Publication Labour Hire & Contracting Across the ASX100: 2. Labour Hire: Business, Operational and Workforce Risks

New analysis shows that ASX100 companies are only reporting to shareholders and the public about their direct employees, while information about their 'indirect' workforces remains unknown.

This section draws on a range of academic literature, government inquiries and reports to outline the most significant risks associated with the growth of labour hire.
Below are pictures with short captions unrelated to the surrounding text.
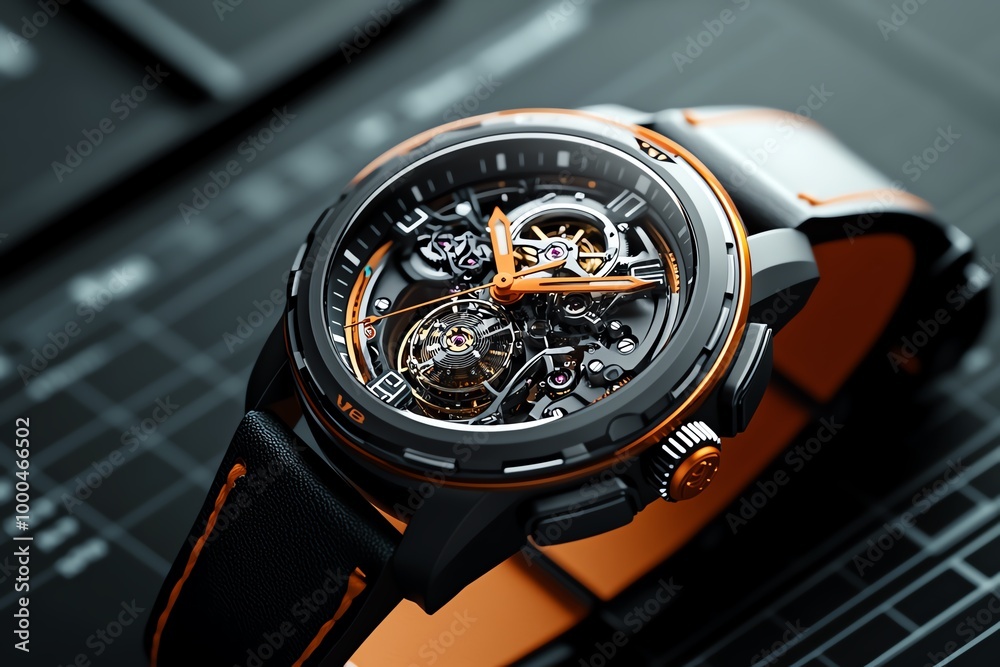 Poster Interactive 3D model of a wristwatch, where users can view the inner workings, rotate the watch, and adjust the strap size in a realistic digital environment
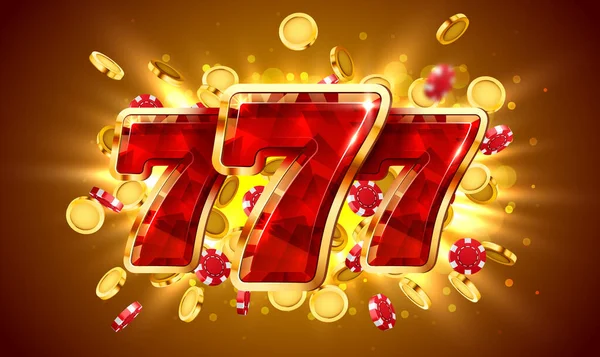 A nyerőgép nyeri a főnyereményt. 777 Nagy győzelem koncepció. Kaszinó jackpot. — Stock Vector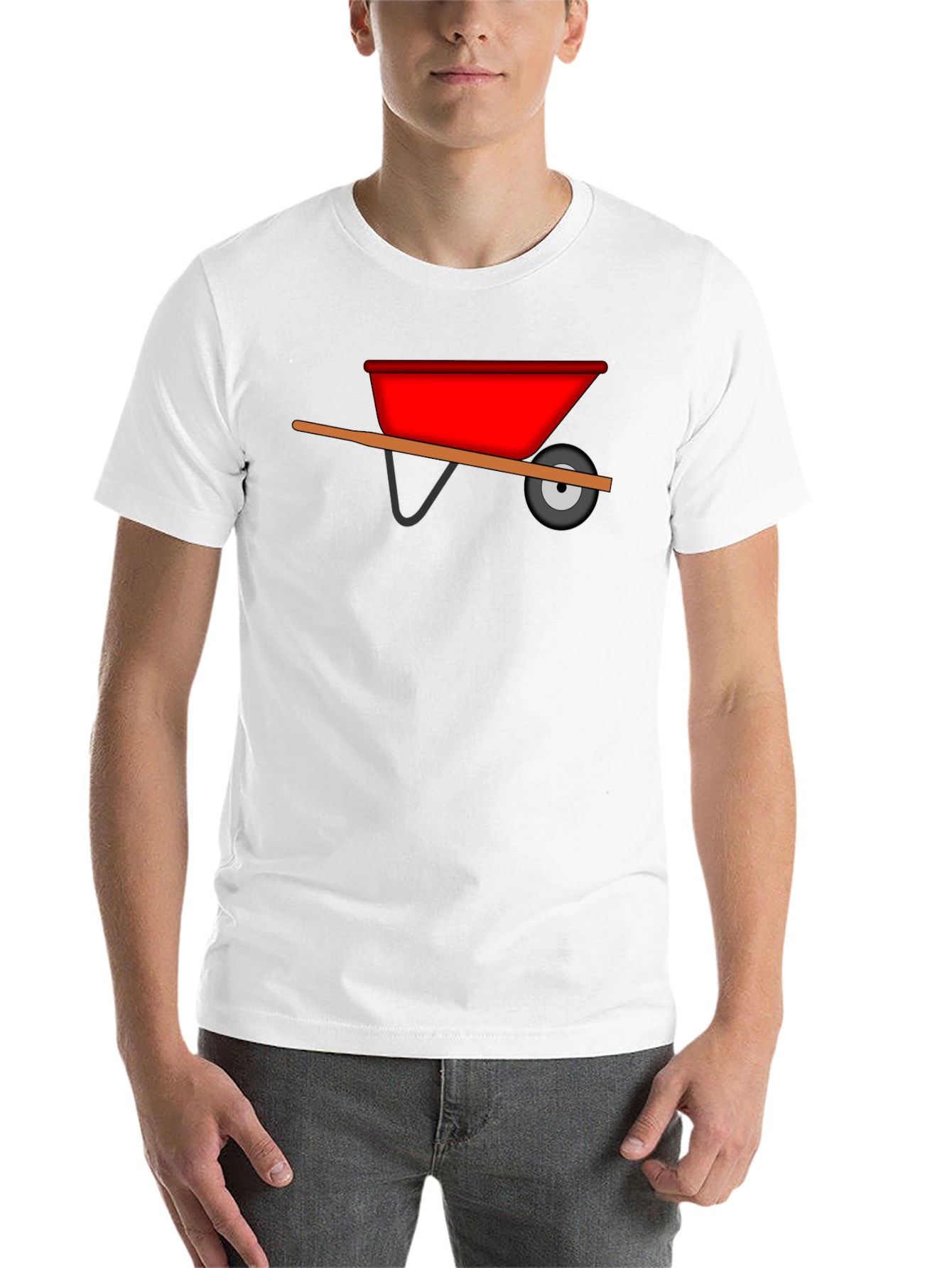 Black Wheelbarrow Graphic Tee - Black Cotton Casual view 14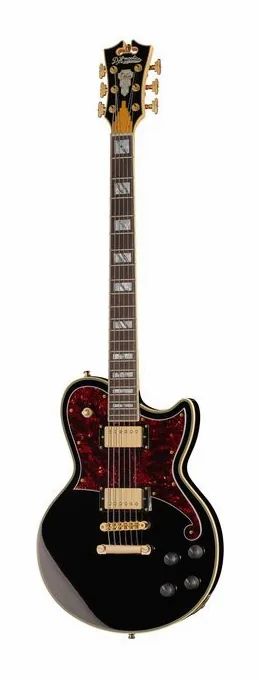 DAngelico DLX Atlantic Bariton Solid BLK visto di fronte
Key risks include:

  • poorer Occupational Health and Safety (OHS) outcomes
  • increased possibility of involvement in modern slavery, labour exploitation and wage theft
  • loss of human and intellectual capital
  • reduced visibility of workforce composition, including diversity
  • reduced workforce development, due to less access to training, skills acquisition.

ACCR’s analysis of company documents found that insufficient and/ or inconsistent reporting also limited investors’ oversight of workforce diversity.

Given these risks, investors should engage companies on their whole workforce, including both direct employees and labour hire or contract workers, in order to make judgements on the sustainability and appropriateness of their employment model.[1]

Occupational Health and Safety (OHS)

The International Labour Organisation (ILO) defines OHS as: “the promotion and maintenance of the highest degree of physical, mental and social well-being of workers in all occupations by preventing departures from health, controlling risks and the adaptation of work to people, and people to their jobs”.[2]

A poor OHS record can erode company and shareholder value. It can lead to increased compensation premiums, decreased productivity and delays,[3] absenteeism, higher health care costs, potential lawsuits, negative publicity, reputational damage, and a loss of investor and consumer trust.[4] It may even decrease access to external capital.[5]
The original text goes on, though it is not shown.